Consistent with NHTSA's surveys of the latest available data for each successive CAFE analysis, as discussed above, the agency reconsidered for this analysis its prior assumptions about the rebound effect discussed in the 2022 and 2024 final rules--in particular its assumption that the rebound effect is declining over time--and concluded that a rebound estimate of 15 percent is more appropriate. In particular, a meta-analysis of 74 recently published studies of the rebound effect noted that “the magnitude of the rebound effect in road transport can be considered to be, on average, in the area of 20 [percent],” and that the most likely long-run estimate was about 32 percent \421\--both significantly higher than the agency's prior 10 percent value, and also well above the 15 percent value employed in this analysis. The agency also believes that selecting a rebound estimate that is well-supported by the scientific consensus is more appropriate than speculating about potential future trends. NHTSA examines the sensitivity of estimated impacts to values of the rebound effect ranging from 10 to 20 percent to account for the uncertainty surrounding its exact value. For a more complete discussion of the rebound literature, refer to Final TSD Chapter 4.3.4.
\421\ Dimitropoulos, A. et al., The Rebound Effect in Road Transport: A Meta-analysis of Empirical Studies, OECD Environment Working Papers, No. 113, OECD Publishing: Paris, France (2016), available at: https://dx.doi.org/10.1787/8516ab3a-en (accessed: June 2, 2026).

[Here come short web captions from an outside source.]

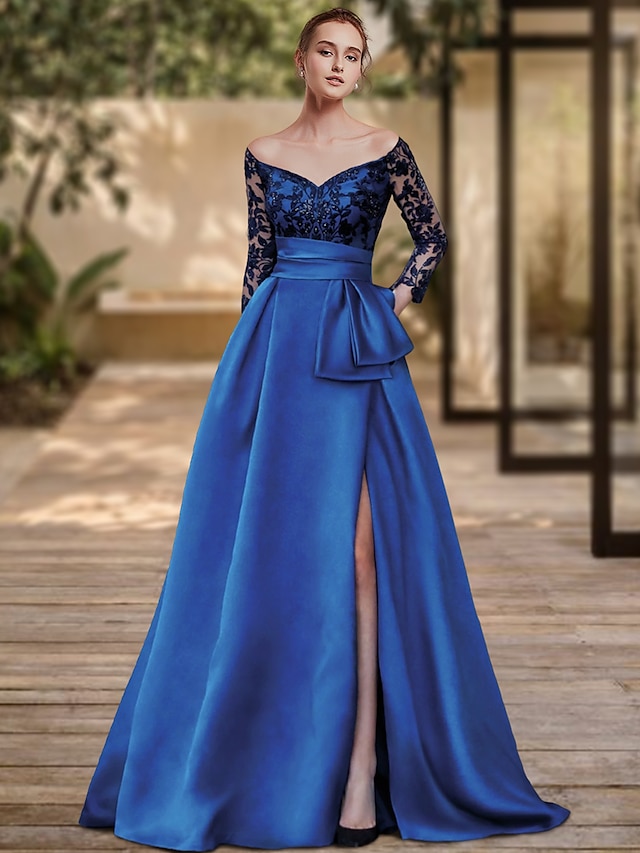  Sheath / Column Evening Gown High Split Dress Formal Wedding Guest Sweep / Brush Train 3/4 Length Sleeve Off Shoulder Charmeuse with Bow(s) Sequin Slit 2024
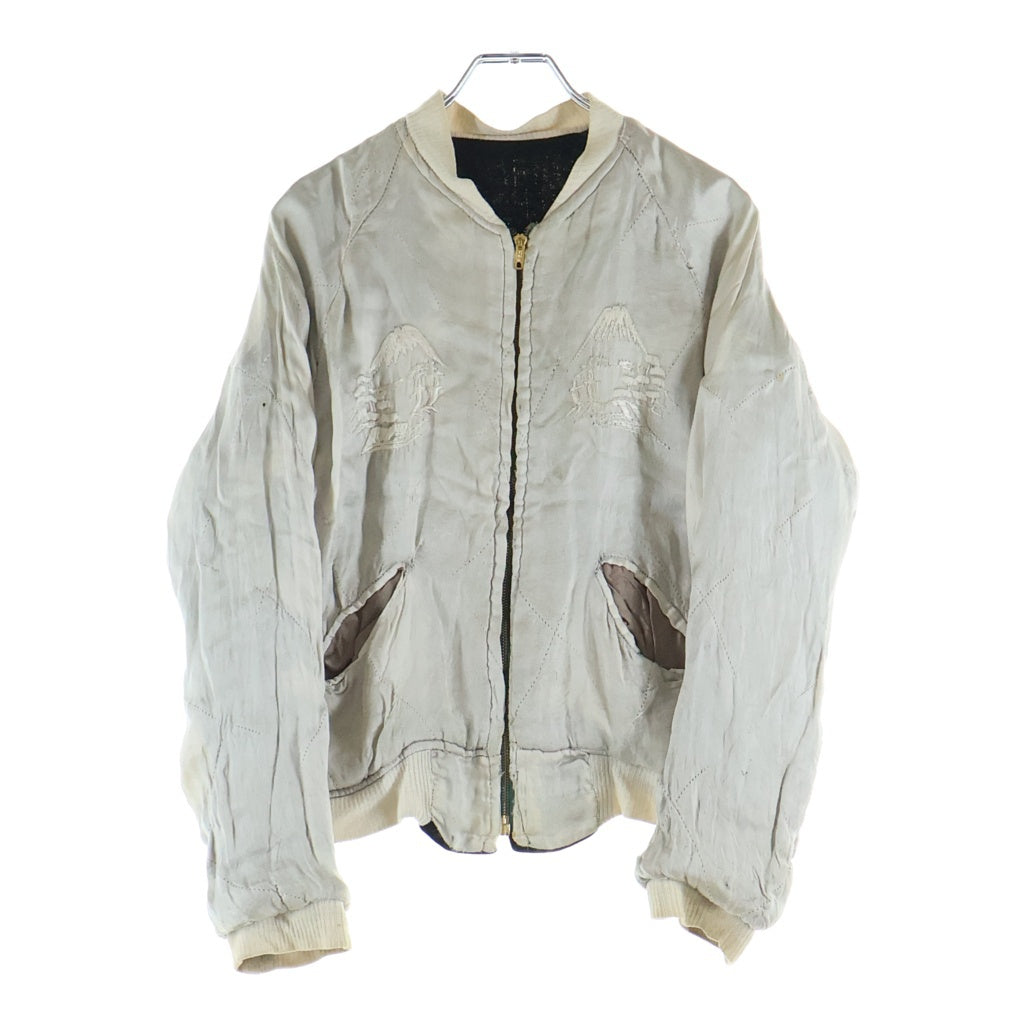 VINTAGE(ヴィンテージ) 50S SOUVENIR JACKET 別珍 リバーシブル スカジャン 龍 虎 鷲 バタフライジップ YKK ブラック/ホワイト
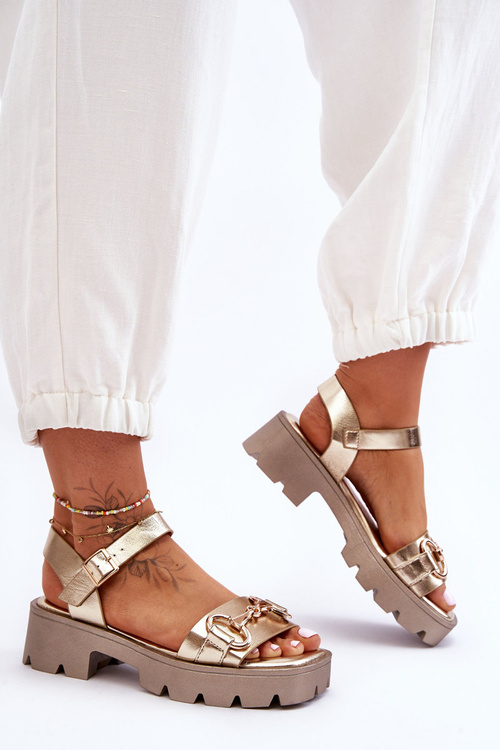 Damskie Skórzane Sandały Z Ozdobą Złote Emori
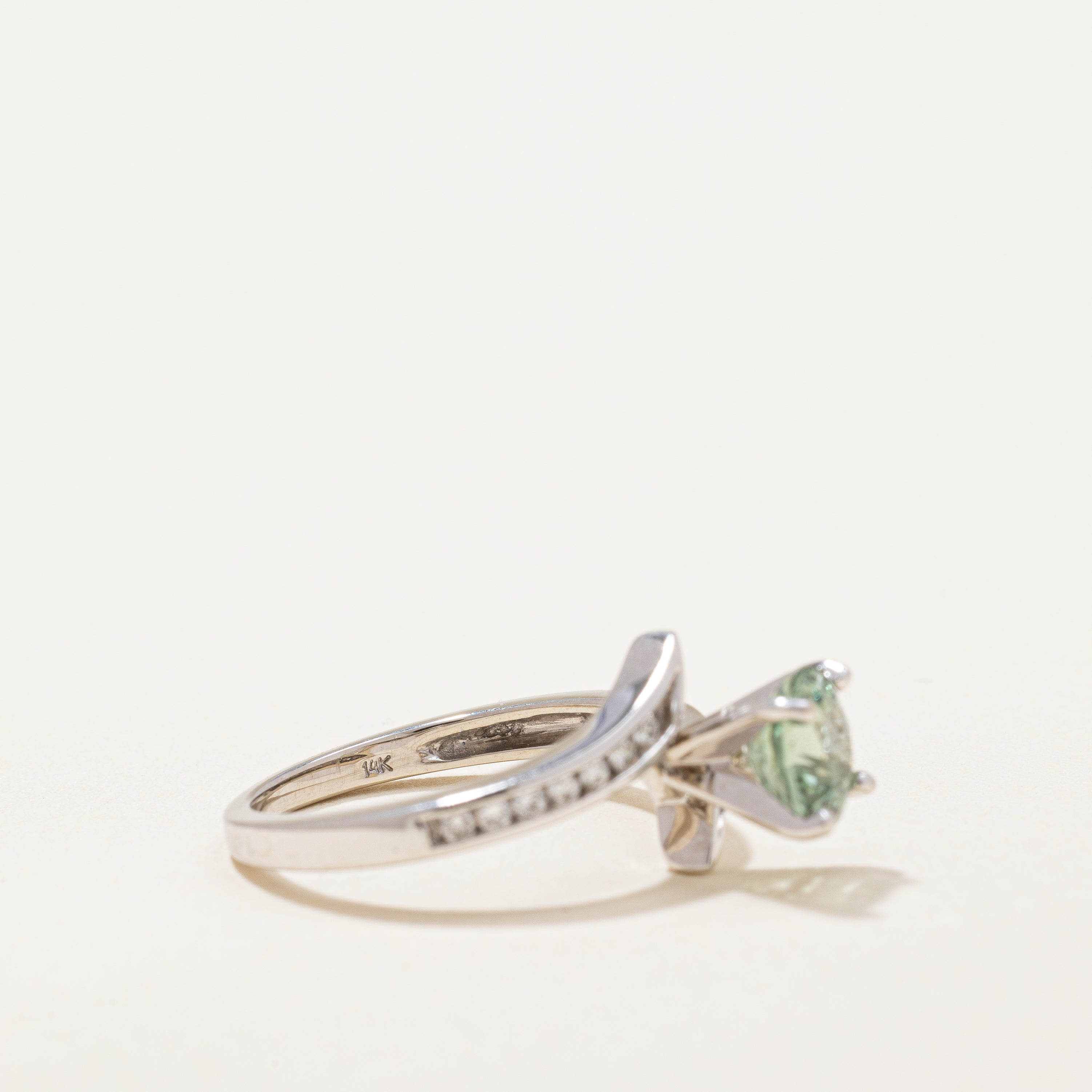 Green Sapphire & Diamond Bypass Ring | 1.01ct | SZ 4 |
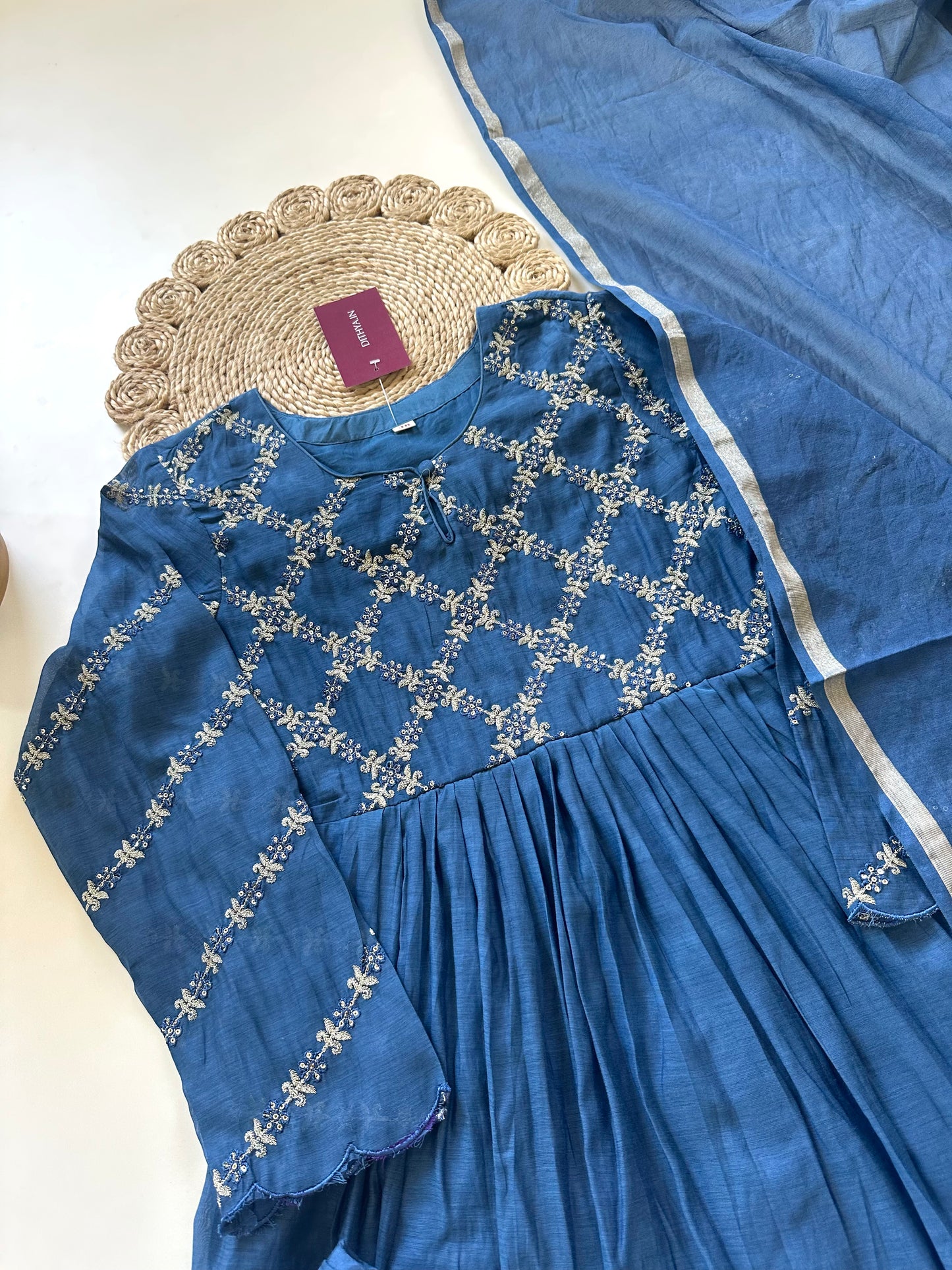 K143 - Mul Chanderi Zari work Anarkali with pants and dupatta in 2 colours .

Several commenters objected to NHTSA's decision to use a 15 percent rebound effect in its analysis supporting the NPRM, rather than the 10 percent value it has used in some previous rulemaking analyses. ICCT described the lower 10 percent value as “in alignment with prior analyses and updated research, especially in the context of a new fleet that is more efficient than ever and thus costs less to drive than ever [. . .] Restoring a 10 percent rebound is consistent with both historical precedent and recent literature.” ICCT and NRDC et al. both argued that NHTSA's review of the literature was focused on studies using changes in fuel price or fuel CPM rather than changes in fuel efficiency, and that the former generated a stronger response from consumers than the latter.\422\
\422\ ICCT, Docket No. NHTSA-2025-0491-5246 (citing Gillingham, K., Policy Brief: The Rebound Effect and the Rollback of Fuel Economy Standards (2018), available at: https://resources.environment.yale.edu/gillingham/Gillingham_ReboundFuelEconomyStds.pdf (accessed: June 2, 2026)); NRDC et al., Docket No. NHTSA-2025-0491-5928-A2, at 91-98.

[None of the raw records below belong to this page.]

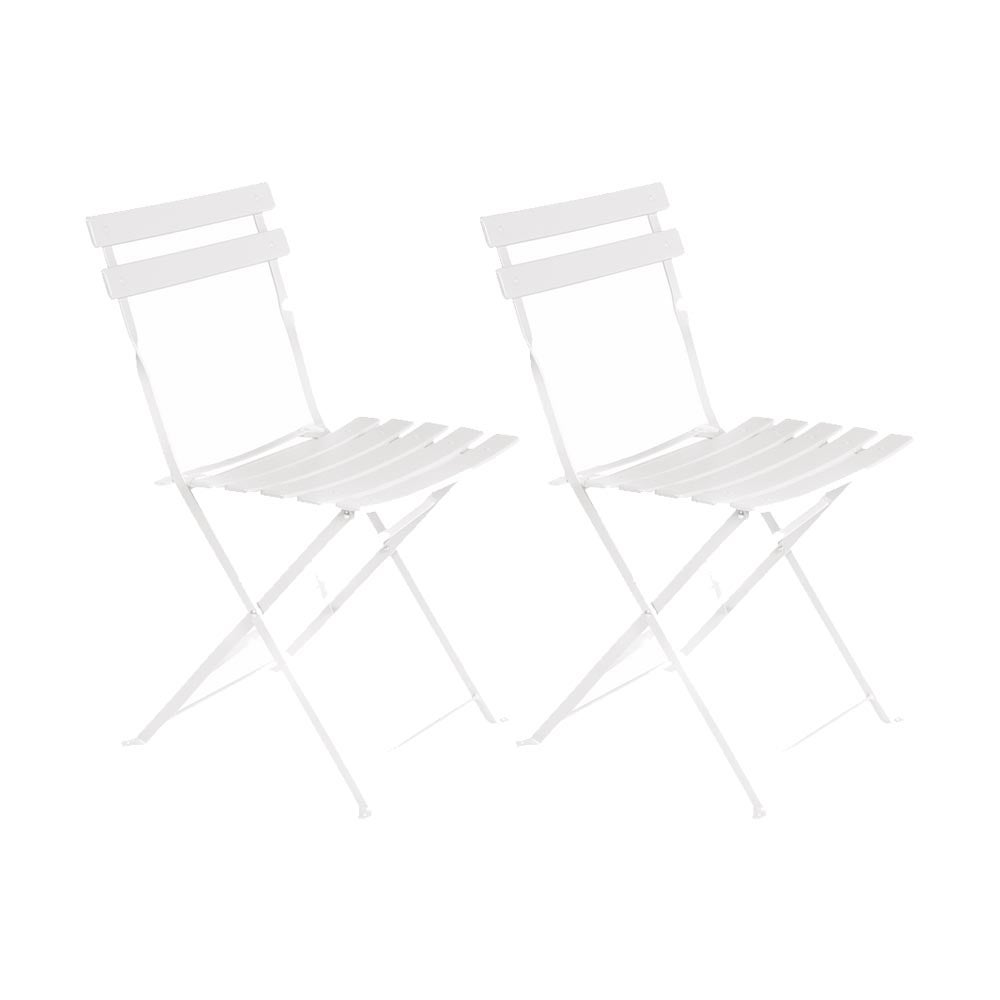Set de 2 sillas de jardín plegables Sira con láminas curvas de acero de 80x46x41 cm Lola Home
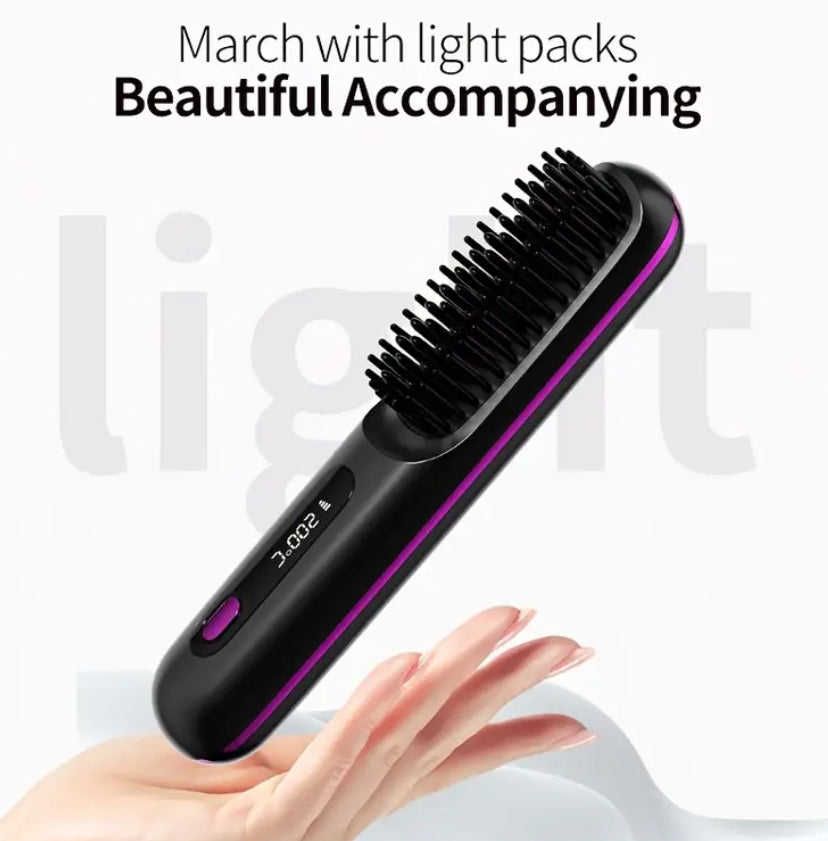 Peine plancha inalámbrico para cabello. Cuidado personal
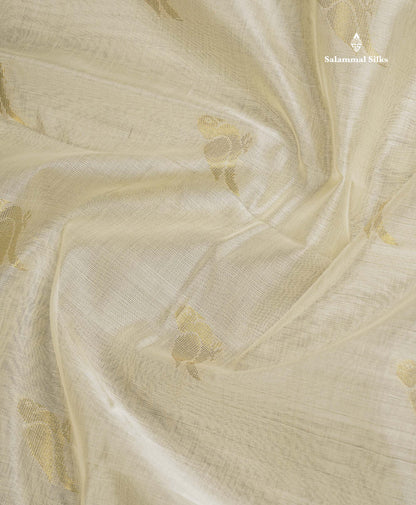 Pure Silk Cotton Saree - Half White Parrot Butta Along With Traditional Evening Morning Border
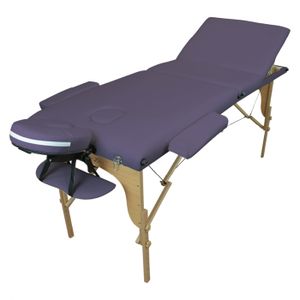 TABLE DE MASSAGE - TABLE DE SOIN Table de massage pliante 3 zones en bois avec panneau Reiki + Accessoires et housse de transport - Violet - Vivezen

NRDC et al. objected to NHTSA's consideration of all published estimates of the rebound effect, arguing that it should more heavily weight estimates identified by the authors of published studies as their preferred estimates, while discounting those the authors may view as less reliable.\423\ NRDC et al. noted that while authors such as Gillingham (2015) and Hymel and Small (2015) report wide ranges of estimates for the rebound effect, these authors prefer estimates toward the lower end of the ranges they report. NRDC et al. also cited some research arguing that the rebound effect is likely to decline over time in response to rising incomes, which raise the value of travel time while reducing the importance of fuel costs in drivers' decisions about how much to travel, thus reducing the magnitude of the fuel economy rebound effect.
\423\ NRDC et al., Docket No. NHTSA-2025-0491-5928-A2, at 91-98.
Similarly, the City of Cleveland (Cleveland) noted “Historically, NHTSA and U.S. EPA have used a 10 percent rebound effect--meaning that VMT will increase 10 percent for every doubling of fuel economy--which reflects the best available research. In this NPRM, NHTSA rejects that 10 percent standard and instead adopts a 15 percent rebound effect. This is an inappropriately high estimate that breaks with recent research and historical norms.” \424\ Attorneys General asserted that “. . . the best evidence on rebound driving available--from the United States, using odometer data from emissions or safety inspections, and from recent years--leads to a central case estimate for the rebound effect of 10 percent, or perhaps even lower,” \425\
\424\ Cleveland, Docket No. NHTSA-2025-0491-4840, at 13.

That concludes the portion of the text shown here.